Like any pursuit, the more you delve into it the more aspects of it emerge. This is the main reason so many hobbies get abandoned after just a few months - to really get anywhere, you have to devote considerably more time and intellect than seem to be required at first glance.
While automated systems are by no means simple - even at first glance - a number of issues are commonly overlooked during system design. One of those issues is often the cables that run power and communications between controllers and devices. If you’ve ever seen the rat’s nest of cables piled up at the bottom of a control cabinet, you know that dealing with all those cables was not a high priority in the principal design stage.
Beyond the control cabinet lays the realm of cabling that is an integral part of the automated system. These are the cables actually in the line of duty, so to speak. As a result, what to do with them cannot be an afterthought.

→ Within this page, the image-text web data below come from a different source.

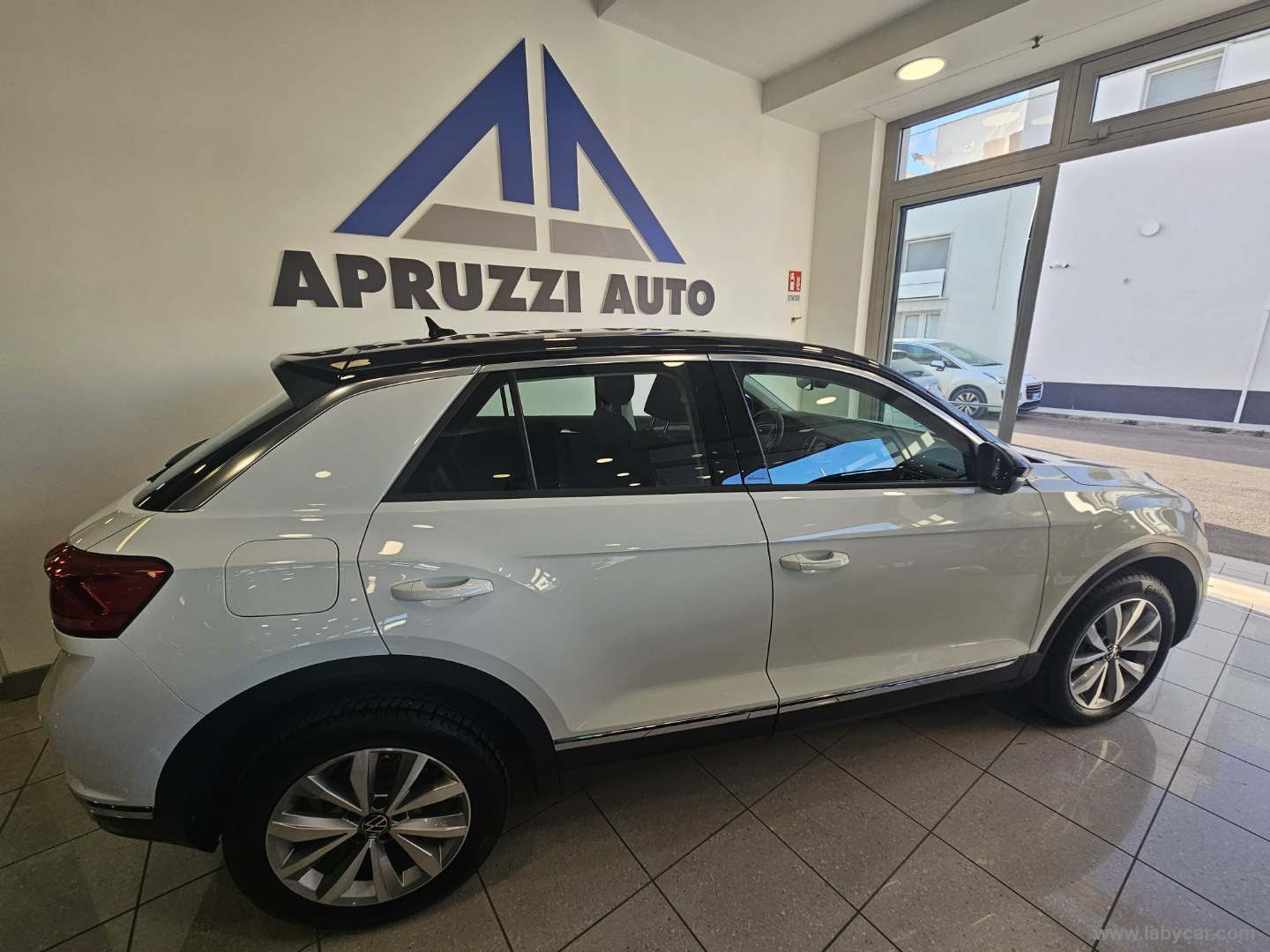 T-Roc 2.0 TDI SCR 150 CV DSG Life - immagine 17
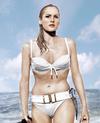 Angelina Jolie lució su tremenda figura en bikini interpretando a la aventurera Lara Croft en la cinta Tomb Raider.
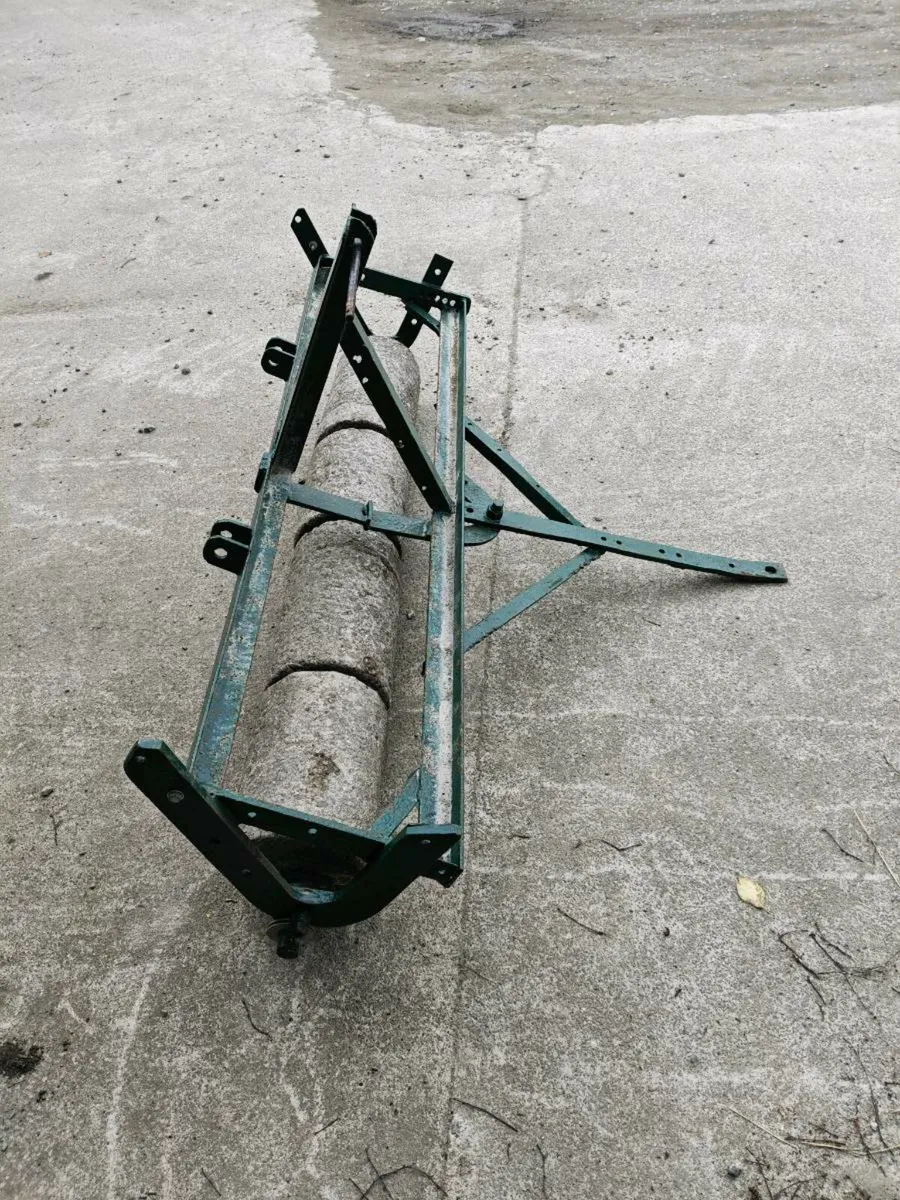 Roller - Image 1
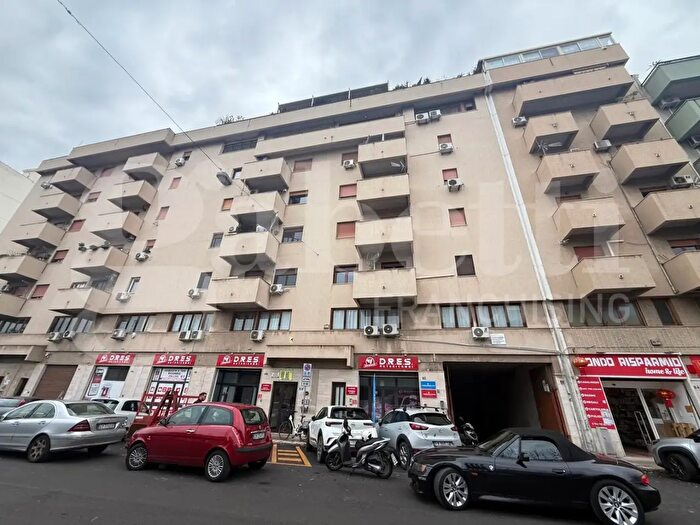 Appartamento bilocale in vendita in Via Sampolo, Palermo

For machine tool manufacturers like Tornos Gurutzpe, which has delivered more than 5,000 machines over a 52 year period, cabling is as important as controllers and actuators. Specializing in large-capacity lathes, Tornos Gurutzpe supplies manufacturers of turbine parts for power plants, drill pipes for oil production, as well as for laminated and hydraulic cylinders. Its customers include suppliers to companies like Repsol, ThyssenKrupp Elevators and Halliburton. With major global end customers such as these, Gurutzpe has seen market demand increase for very large, long-travel CNC-turning machines. Some custom designs measure as long as 66 feet.
The design idea behind the company’s newest horizontal CNC-turning machine, the A-2000 4G CNC, was to create a reliable, resilient and efficient machine for lathe buyers all over the world. Key to this new machine’s performance and reliability factors was its requirement for a cable-carrier solution that could handle unsupported long travels and hot metal chips.
Gurutzpe selected the Guidelok horizontal guiding system from igus for the A-2000 4G CNC. Guidelok was chosen because it holds a cable carrier’s upper and lower runs apart over long distances when they would normally glide on top of one another. This separation means metal debris cannot settle between the two runs and cause abrasion.
At first glance the Guidelok system seems an unusual choice for the A-2000 4G CNC. The hot metal chips released during the machine’s operations would seem to automatically eliminate plastic cable carriers such as the A-2000 4G from the design palette.
If a customer has a concern about hot metal chips eating through the plastic, Joaquín Orbegozo, head of electrical engineering at Gurutzpe, performs a unique demonstration to set their minds at ease. He takes a soldering iron and presses it onto the cable carrier in a few different places.
“When customers see that this cannot damage the cable carrier, they are convinced,” he says.
This is the kind of attention to detail that is critical to solid, holistic systems design.